GaN-based high electron mobility transistors (HEMTs) have low switching loss, high power density and high voltage, which can improve the conversion efficiency of power electronic system. However, usually as-grown GaN-based HEMTs are depleted, which need a complex circuit, enhancement-mode(E-mode) HEMTs are indispensable to simplify the circuit and to realize failsafe system.Utilization of p-type cap layer under the gate is an effective method for achieving E-mode HEMTs. However, because of several questions, such as current leakage induced by dry-etching damages and low threshold voltage caused by low hole concentration, the development of E-mode HEMTs with p-type cap layer is slow..This project aims to prepare large gate width p-type gated E-mode HEMT devices. In order to solve the dry-etching damages, the p-type cap layer will be grown by selective area re-growth by metalorganic chemical vapor deposition (MOCVD). The growth parameters will be studied for achieving small area and high quality uniform p-type layer. In addition, the mask making process and surface treatment process before re-growth also will be researched to suppress the interface defects, and to improve the quality of the interface between p-type gate and AlGaN barrier. For enhancing the threshold voltage, polarization-doping method will be used to increase hole concentration by growing graded p-AlGaN and graded p-InGaN cap layer. Moreover, based on the characteristics of the selective area regrowth, the p-type gated HEMTs assisted by recess gate will be developed. The group will explore the repair mechanism of the high temperature gas treatment on the dry-etching damage of the recess in the MOCVD. Based on the above research, and the development of the large gate width process, the group will prepare a large gate width E-mode HEMT with a p-type cap layer.

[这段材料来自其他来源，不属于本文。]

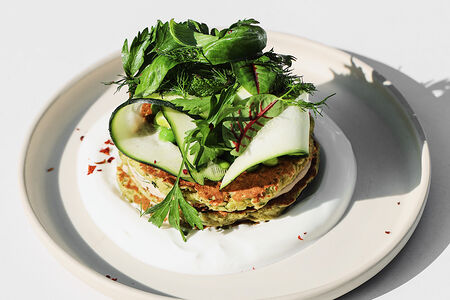 Оладьи из кабачка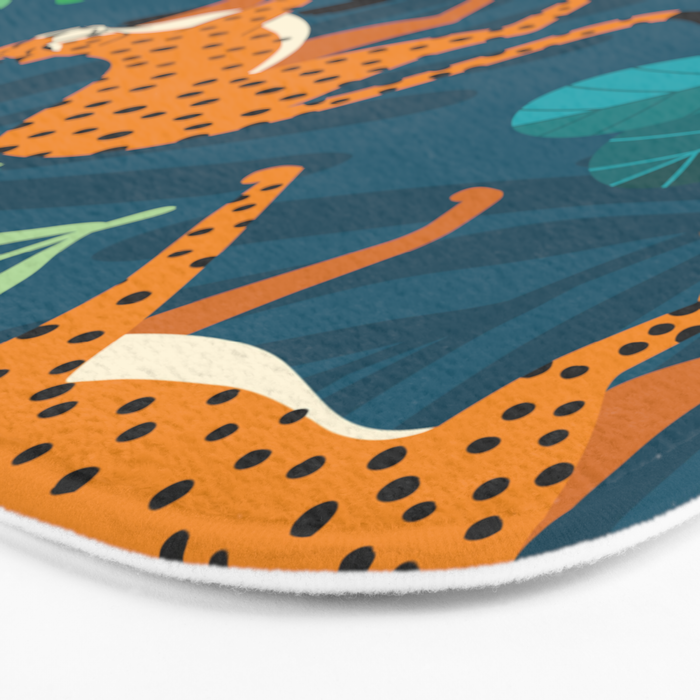 Cheetah pattern 001 Bath Mat Gallery Image 3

GaN基HEMT器件的开关损耗低且功率密度高，可提高电力电子系统的转换效率，满足当前节能减排的时代要求。通常外延所得HEMT均为耗尽型，而为了简化电路，提高电路安全性，应用中更希望使用增强型HEMT。p型栅有利于实现商品化的增强型HEMT，但受困于刻蚀损伤导致表面漏电大，进而降低器件击穿电压、空穴浓度不足导致阈值电压低等问题，性能尚远低于预期。本项目以制备大栅宽p型栅增强型HEMT为目标，拟采用选区二次外延技术生长p型栅，以避免刻蚀损伤问题。研究小面积选区二次外延的生长条件，进而获得均匀高质量的大栅宽p型栅。研究掩膜制备工艺及表面处理工艺，抑制二次外延的界面缺陷，提高界面质量。为提高阈值电压，拟采用极化掺杂技术提高p型栅的空穴浓度，并结合二次外延技术特点，开发凹槽辅助p型栅的增强型HEMT器件。基于以上研究内容，并开发大栅宽器件工艺，最终研制出大栅宽p型栅增强型HEMT器件。

GaN HEMT具有功率密度高等优势，特别适用于电力电子系统。通常GaN HEMT为常开型，即它的关断电压为负压。为了提高电路的安全性和降低成本，需要增强型HEMT。p型栅是实现增强型HEMT的主流技术之一，先整片外延p-GaN，然后刻蚀非栅区域形成p-GaN栅，但刻蚀可能会带来晶格损伤。本项目利用MOCVD选区外延技术制备p-GaN栅，实现增强型HEMT。此方法可以避免刻蚀p型栅技术带来的2DEG损伤。首先对选区外延气流模式进行分析，主要包含表面原子迁移和气相扩散两种气流模式。随着选区面积的减小，生长速度显著提高，且选区外延速率从掩膜边缘向内部逐渐减小。通过优化外延工艺和掩膜占空比，获得了均匀的选区外延速率，实现了表面光滑且无V坑的p-GaN栅。开展了选区外延界面及GaN内部杂质的抑制研究。通过表面处理工艺有效祛除了界面的C、O、Si杂质。但选区外延中，SiO_2掩膜高温降解使得Si杂质扩散至选区外延材料中。生长时间越长、选区面积越小则Si杂质浓度越高。开发了金属W作为选区外延掩膜，解决了Si杂质问题，获得了空穴浓度为3.56×10^17 /cm^3，迁移率为 9.55 cm^2/V·s 的p-GaN。本项目组还针对Mg-H络合物的问题，开展了退火激活Mg的研究。制备了p-GaN栅HEMT器件。与同片制备的常开型 HEMT的阈值电压（-3.8 V）相比，p-GaN 栅 HEMT的阈值电压为-0.5 V，正向移动了 3.3 V。